Available data
- - -
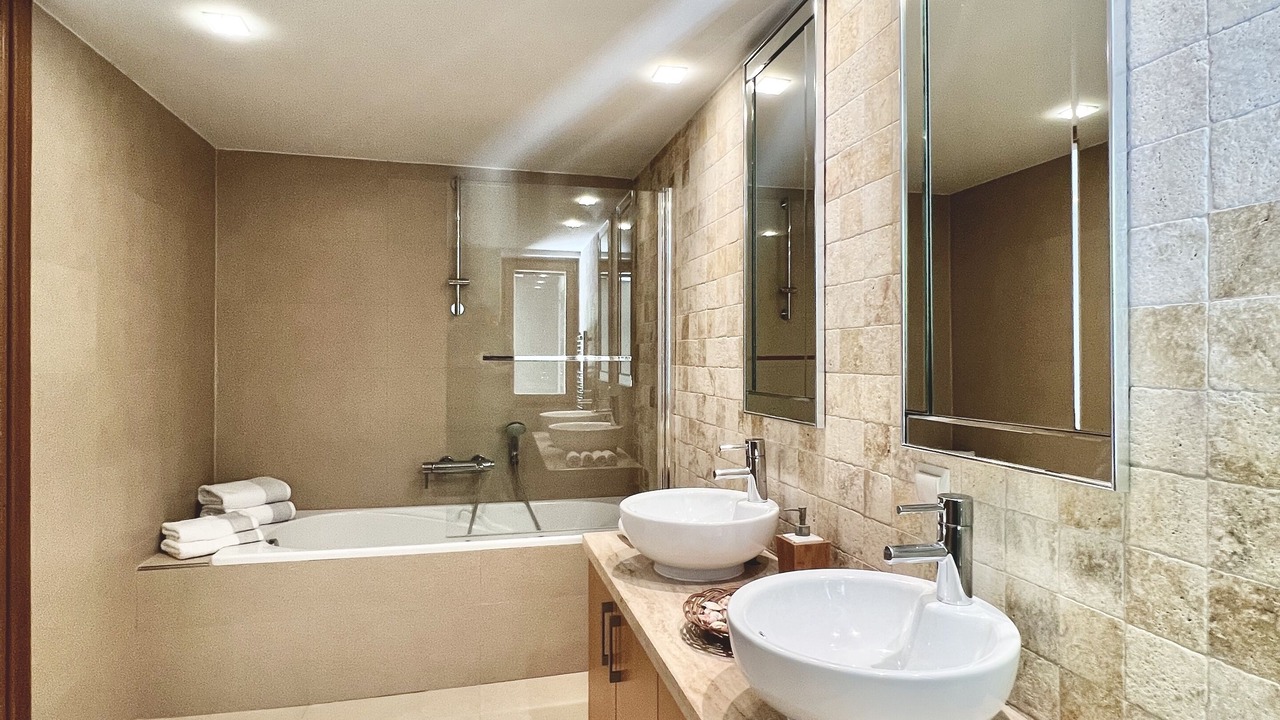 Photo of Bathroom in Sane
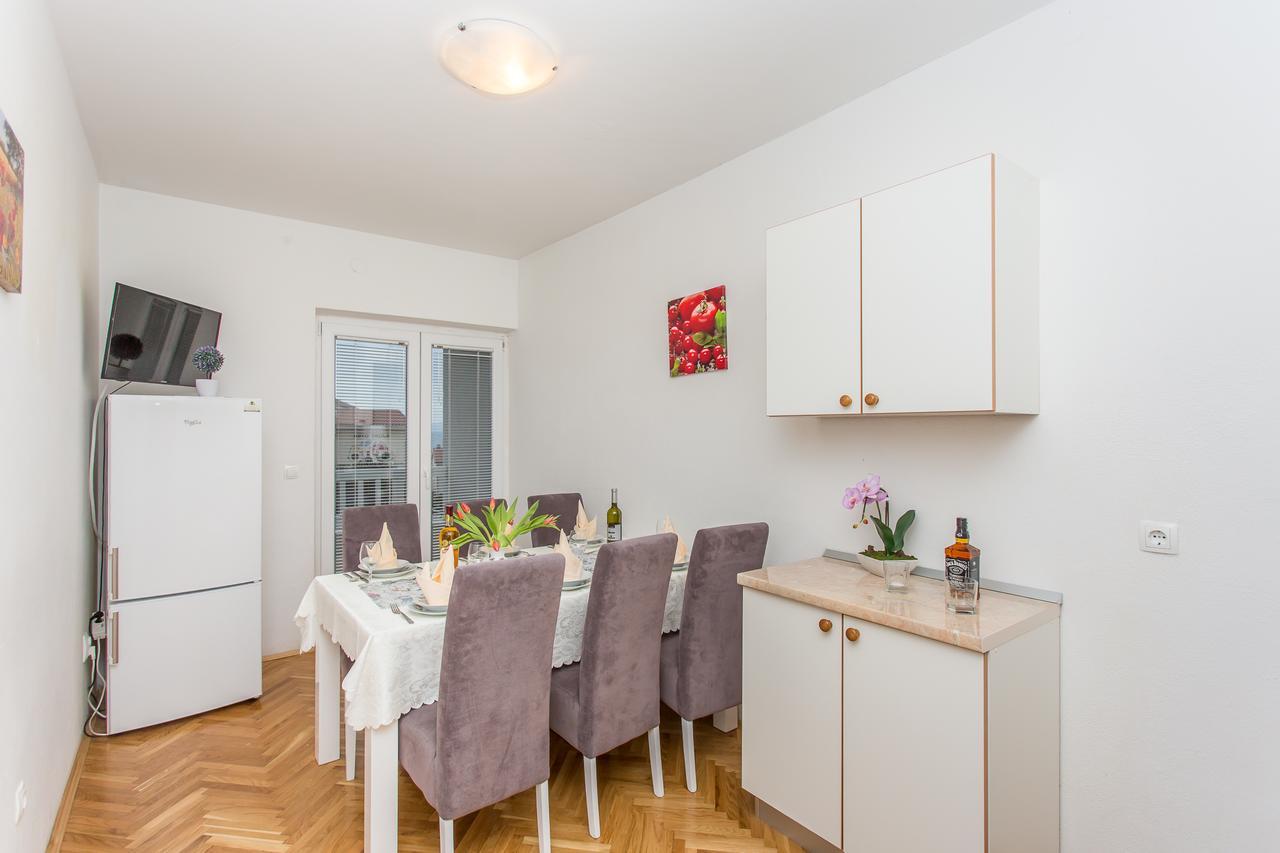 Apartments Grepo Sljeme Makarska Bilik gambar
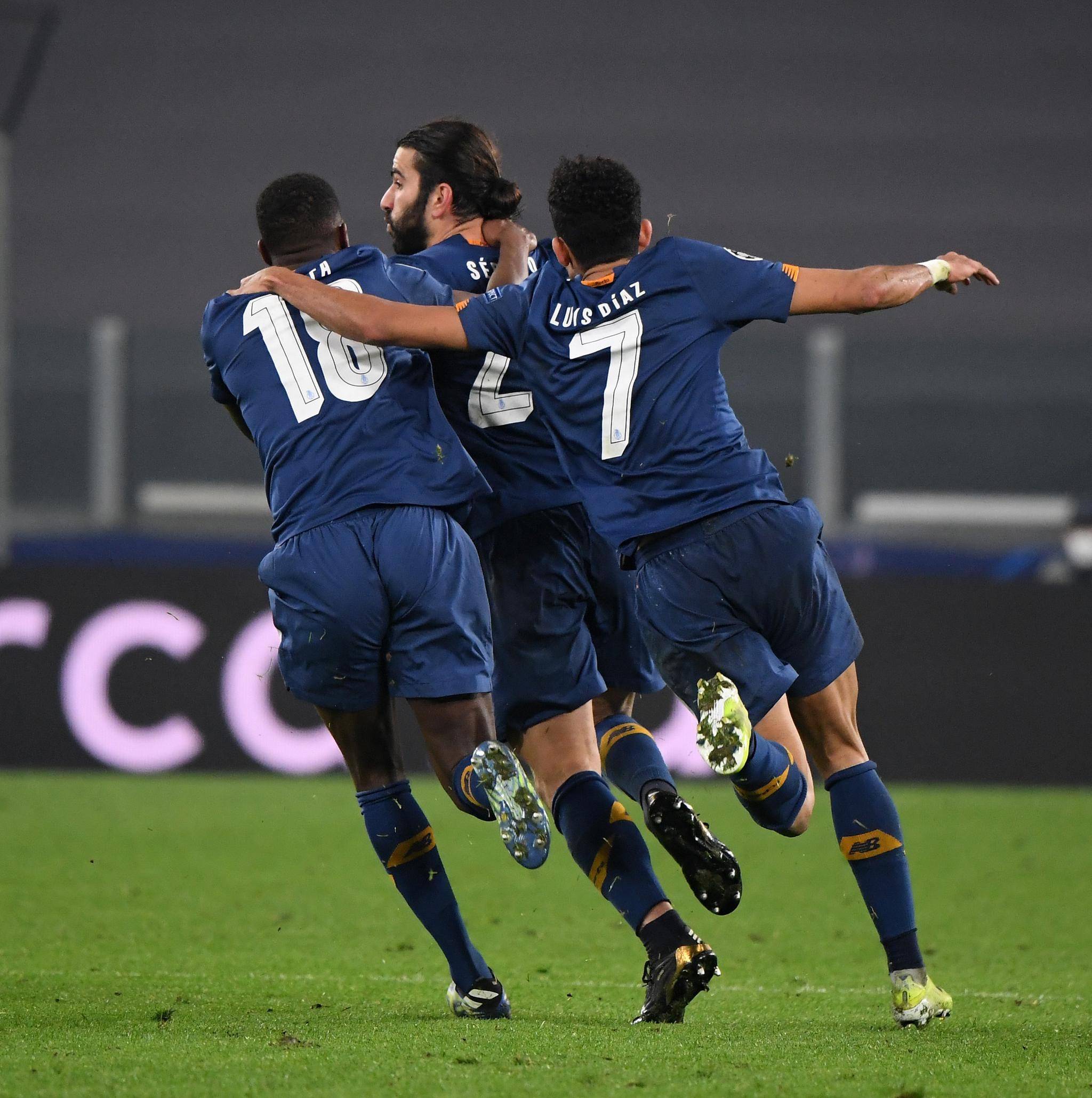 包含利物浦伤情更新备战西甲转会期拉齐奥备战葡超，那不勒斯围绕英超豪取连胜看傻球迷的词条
- - -
What the task requires
With the images removed, write out all of the material above exactly.

Answer to this problem
 Photo of Bathroom in Sane
 Apartments Grepo Sljeme Makarska Bilik gambar
 包含利物浦伤情更新备战西甲转会期拉齐奥备战葡超，那不勒斯围绕英超豪取连胜看傻球迷的词条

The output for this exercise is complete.